As a result, an administrative penalty of 60 penalty units is imposed on the corporate trustee. As directors of the corporate trustee, John and Christine are jointly and severally liable for payment of the penalty.
Example 5 - personal liability, individual trustees
Larry and Adam are members and trustees of the Redrock SMSF. In the 2019-20 financial year, an auditor contravention report found that the trustees of the SMSF had contravened subsection 84(1) by providing a loan to a related party, who is not a member, in excess of the in-house asset limits.
Each trustee of the Redrock SMSF is individually liable for the full administrative penalty. The administrative penalty for this contravention is 60 penalty units. Larry and Adam are each issued a separate penalty notice for 60 penalty units.
Example 6 - personal liability, directors of a corporate trustee
Jim and Pete are members of the JP SMSF and directors of the body corporate that is the trustee of the fund, which was established in the 2017-18 financial year. Pete signs a declaration as required by paragraph 104A(2)(a) but Jim fails to do so.
The administrative penalty for this contravention is 10 penalty units. Jim is issued with a penalty notice and is personally liable to pay the full amount.
Examples - remission of administrative penalty
Every remission decision must consider the specific circumstances of each case.
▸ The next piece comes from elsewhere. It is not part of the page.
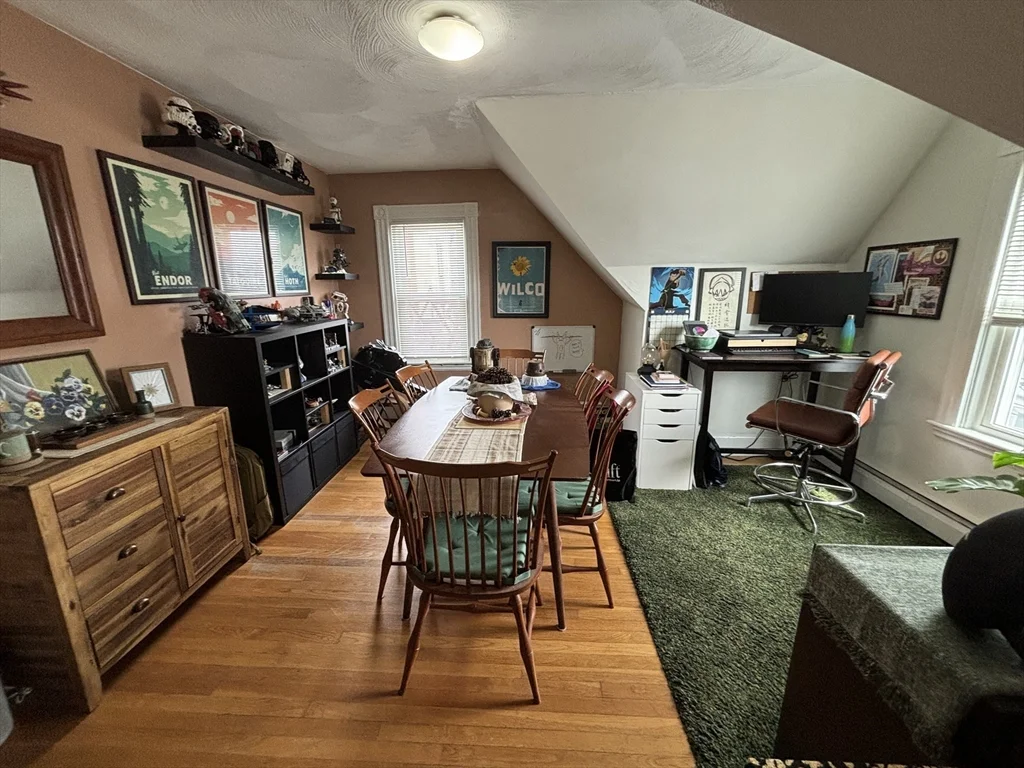 11 Prospect Hill Ave, Prospect Hill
Example 7 - illegal early release and financial assistance
The trustees and members of the Jones Family Super Fund are Mr Jones (47 years old) and Mrs Jones (43 years old). The fund has been in existence since 2005 and is a regulated SMSF. As at 30 June 2015, the fund's total assets were $150,000.
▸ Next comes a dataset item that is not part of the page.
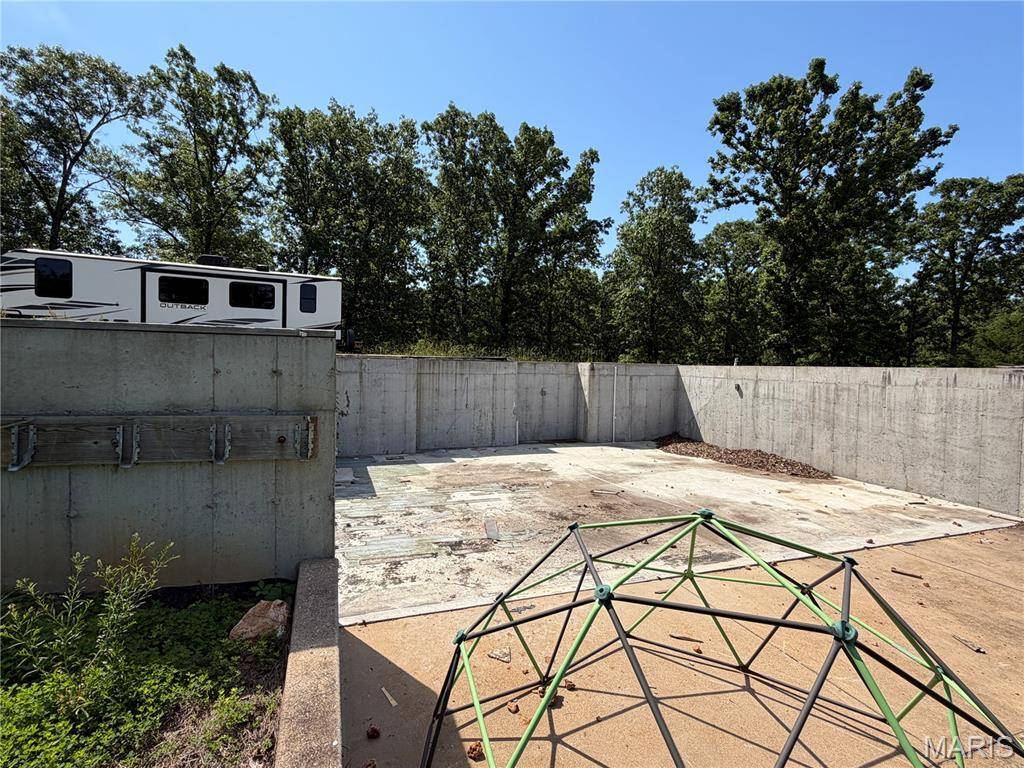 11455 Sunwood RD, Potosi, MO 63664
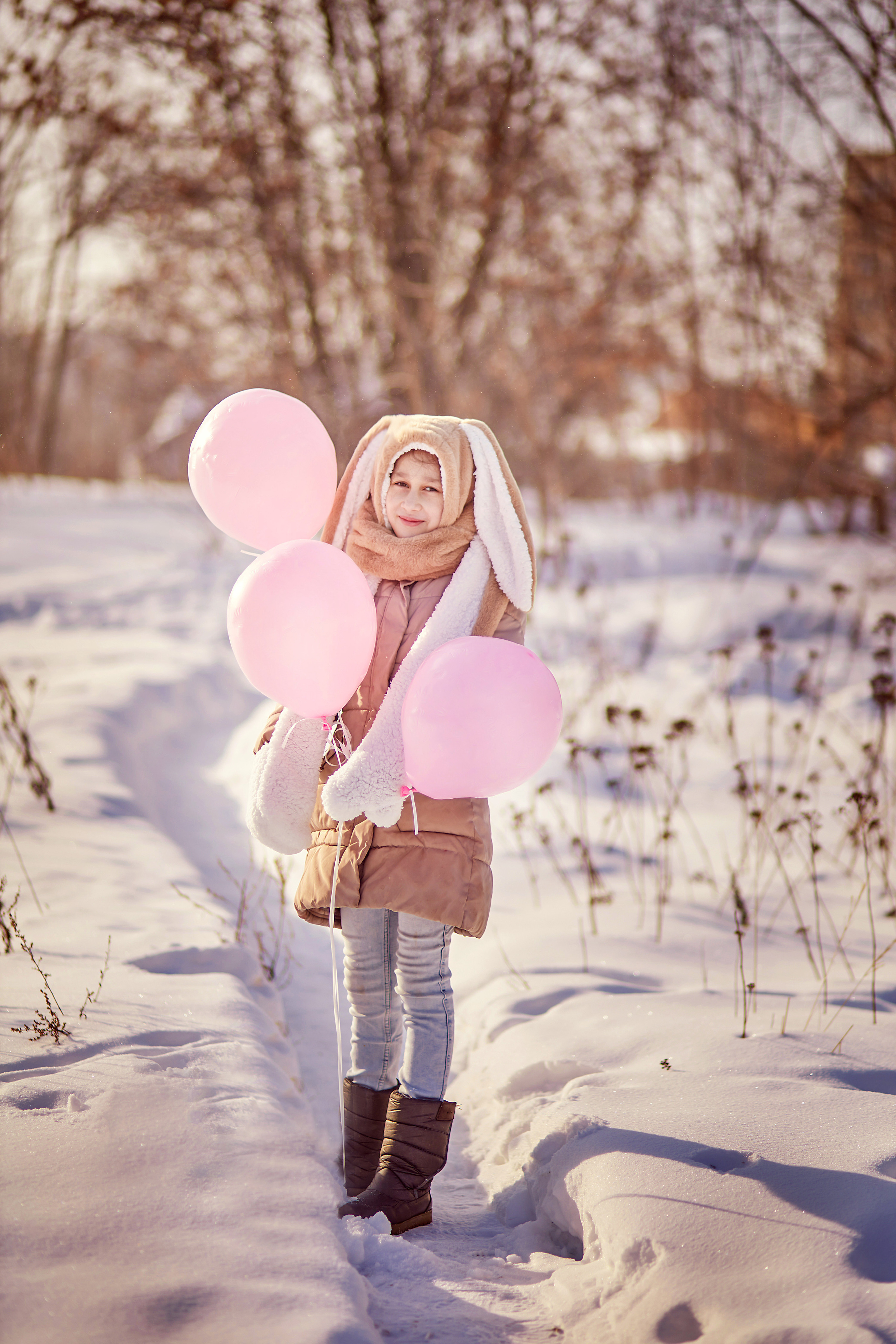 Детские съёмки. Семейный и свадебный фотограф в Ярославле Надежда Бойкова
An ATO audit reveals that the trustees authorised a single lump sum withdrawal of $50,000 from the fund's bank account in the 2015-16 financial year.
This was the first time that a withdrawal was made from the fund and no other contraventions have been identified. The members had not met a condition of release and did not expect to repay the amount withdrawn. The members have advised that the withdrawal was used to buy a new car. The trustees were aware of their obligations under the SISA, however, they stated they needed immediate accessible finance and could not obtain finance elsewhere.
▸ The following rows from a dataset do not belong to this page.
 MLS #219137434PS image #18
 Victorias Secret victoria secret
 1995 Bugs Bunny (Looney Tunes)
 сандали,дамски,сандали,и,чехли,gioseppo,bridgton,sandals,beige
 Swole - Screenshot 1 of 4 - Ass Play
The trustees are liable to pay penalties for the 2015-16 financial year for:
- contravening subsection 34(1) by paying super benefits to the members of the fund where a condition of release had not been met (20 penalty units), and
- contravening paragraph 65(1)(b) by providing financial assistance to the members (60 penalty units).
Identify the primary contravention
As multiple penalties arose under different provisions from a particular event, the case officer determines the primary contravention occurs under subsection 34(1) (payment of super benefits to members where a condition of release has not been met).
Accordingly, using the principles in Step 3 of this Practice Statement, the case officer remits the total penalty by 60 penalty units, which is an amount equivalent to that imposed under the secondary contravention of paragraph 65(1)(b) for the provision of financial assistance to members.
Consider further remission
The case officer then considers whether any further remission of the remaining 20 penalty units (equivalent to the penalty for the primary contravention under subsection 34(1) is warranted.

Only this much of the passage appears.